Caption-style text data:
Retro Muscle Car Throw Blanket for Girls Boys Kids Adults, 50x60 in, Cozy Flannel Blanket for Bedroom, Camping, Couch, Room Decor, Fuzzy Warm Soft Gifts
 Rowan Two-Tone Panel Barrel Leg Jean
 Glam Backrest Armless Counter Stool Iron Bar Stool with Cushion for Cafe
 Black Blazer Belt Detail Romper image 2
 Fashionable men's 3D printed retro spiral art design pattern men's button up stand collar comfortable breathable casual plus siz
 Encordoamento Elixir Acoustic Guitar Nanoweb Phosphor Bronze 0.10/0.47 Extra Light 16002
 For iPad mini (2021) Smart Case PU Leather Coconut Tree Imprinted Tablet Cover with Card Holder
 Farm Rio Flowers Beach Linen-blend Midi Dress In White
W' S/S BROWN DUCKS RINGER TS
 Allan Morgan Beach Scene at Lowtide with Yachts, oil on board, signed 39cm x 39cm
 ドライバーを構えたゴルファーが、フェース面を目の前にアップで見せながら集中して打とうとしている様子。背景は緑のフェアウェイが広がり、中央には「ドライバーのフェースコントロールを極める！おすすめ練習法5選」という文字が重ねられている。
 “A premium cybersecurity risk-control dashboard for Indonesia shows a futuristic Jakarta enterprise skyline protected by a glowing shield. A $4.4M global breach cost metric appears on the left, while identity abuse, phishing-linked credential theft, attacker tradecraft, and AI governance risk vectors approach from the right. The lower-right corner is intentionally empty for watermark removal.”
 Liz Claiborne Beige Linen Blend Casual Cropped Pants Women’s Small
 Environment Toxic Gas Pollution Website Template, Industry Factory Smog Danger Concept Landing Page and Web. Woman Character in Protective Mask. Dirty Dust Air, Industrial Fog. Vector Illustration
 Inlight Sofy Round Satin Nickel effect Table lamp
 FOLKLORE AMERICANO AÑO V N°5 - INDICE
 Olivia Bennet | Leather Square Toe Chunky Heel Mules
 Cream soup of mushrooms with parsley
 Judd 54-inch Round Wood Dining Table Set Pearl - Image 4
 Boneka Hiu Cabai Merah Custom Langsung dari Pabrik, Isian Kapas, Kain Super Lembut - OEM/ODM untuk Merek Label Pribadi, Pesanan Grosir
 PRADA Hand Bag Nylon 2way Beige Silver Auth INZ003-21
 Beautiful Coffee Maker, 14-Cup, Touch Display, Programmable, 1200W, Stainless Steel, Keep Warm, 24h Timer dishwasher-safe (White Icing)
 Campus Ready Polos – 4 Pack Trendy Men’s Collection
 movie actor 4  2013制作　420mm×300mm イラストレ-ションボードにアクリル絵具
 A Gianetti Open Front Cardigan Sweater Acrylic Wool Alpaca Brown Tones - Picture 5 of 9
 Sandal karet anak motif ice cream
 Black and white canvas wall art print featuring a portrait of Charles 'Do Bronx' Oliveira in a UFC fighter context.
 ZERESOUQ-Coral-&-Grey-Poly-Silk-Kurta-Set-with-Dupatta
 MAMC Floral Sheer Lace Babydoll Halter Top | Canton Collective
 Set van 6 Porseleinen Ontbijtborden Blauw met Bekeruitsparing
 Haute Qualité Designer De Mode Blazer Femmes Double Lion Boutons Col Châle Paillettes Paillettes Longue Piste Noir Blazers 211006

__DIRECTIONS FOR THIS TASK__.
The records above must be reproduced word for word.

__SOLUTION FOR THIS PROBLEM__.
Retro Muscle Car Throw Blanket for Girls Boys Kids Adults, 50x60 in, Cozy Flannel Blanket for Bedroom, Camping, Couch, Room Decor, Fuzzy Warm Soft Gifts
 Rowan Two-Tone Panel Barrel Leg Jean
 Glam Backrest Armless Counter Stool Iron Bar Stool with Cushion for Cafe
 Black Blazer Belt Detail Romper image 2
 Fashionable men's 3D printed retro spiral art design pattern men's button up stand collar comfortable breathable casual plus siz
 Encordoamento Elixir Acoustic Guitar Nanoweb Phosphor Bronze 0.10/0.47 Extra Light 16002
 For iPad mini (2021) Smart Case PU Leather Coconut Tree Imprinted Tablet Cover with Card Holder
 Farm Rio Flowers Beach Linen-blend Midi Dress In White
W' S/S BROWN DUCKS RINGER TS
 Allan Morgan Beach Scene at Lowtide with Yachts, oil on board, signed 39cm x 39cm
 ドライバーを構えたゴルファーが、フェース面を目の前にアップで見せながら集中して打とうとしている様子。背景は緑のフェアウェイが広がり、中央には「ドライバーのフェースコントロールを極める！おすすめ練習法5選」という文字が重ねられている。
 “A premium cybersecurity risk-control dashboard for Indonesia shows a futuristic Jakarta enterprise skyline protected by a glowing shield. A $4.4M global breach cost metric appears on the left, while identity abuse, phishing-linked credential theft, attacker tradecraft, and AI governance risk vectors approach from the right. The lower-right corner is intentionally empty for watermark removal.”
 Liz Claiborne Beige Linen Blend Casual Cropped Pants Women’s Small
 Environment Toxic Gas Pollution Website Template, Industry Factory Smog Danger Concept Landing Page and Web. Woman Character in Protective Mask. Dirty Dust Air, Industrial Fog. Vector Illustration
 Inlight Sofy Round Satin Nickel effect Table lamp
 FOLKLORE AMERICANO AÑO V N°5 - INDICE
 Olivia Bennet | Leather Square Toe Chunky Heel Mules
 Cream soup of mushrooms with parsley
 Judd 54-inch Round Wood Dining Table Set Pearl - Image 4
 Boneka Hiu Cabai Merah Custom Langsung dari Pabrik, Isian Kapas, Kain Super Lembut - OEM/ODM untuk Merek Label Pribadi, Pesanan Grosir
 PRADA Hand Bag Nylon 2way Beige Silver Auth INZ003-21
 Beautiful Coffee Maker, 14-Cup, Touch Display, Programmable, 1200W, Stainless Steel, Keep Warm, 24h Timer dishwasher-safe (White Icing)
 Campus Ready Polos – 4 Pack Trendy Men’s Collection
 movie actor 4  2013制作　420mm×300mm イラストレ-ションボードにアクリル絵具
 A Gianetti Open Front Cardigan Sweater Acrylic Wool Alpaca Brown Tones - Picture 5 of 9
 Sandal karet anak motif ice cream
 Black and white canvas wall art print featuring a portrait of Charles 'Do Bronx' Oliveira in a UFC fighter context.
 ZERESOUQ-Coral-&-Grey-Poly-Silk-Kurta-Set-with-Dupatta
 MAMC Floral Sheer Lace Babydoll Halter Top | Canton Collective
 Set van 6 Porseleinen Ontbijtborden Blauw met Bekeruitsparing
 Haute Qualité Designer De Mode Blazer Femmes Double Lion Boutons Col Châle Paillettes Paillettes Longue Piste Noir Blazers 211006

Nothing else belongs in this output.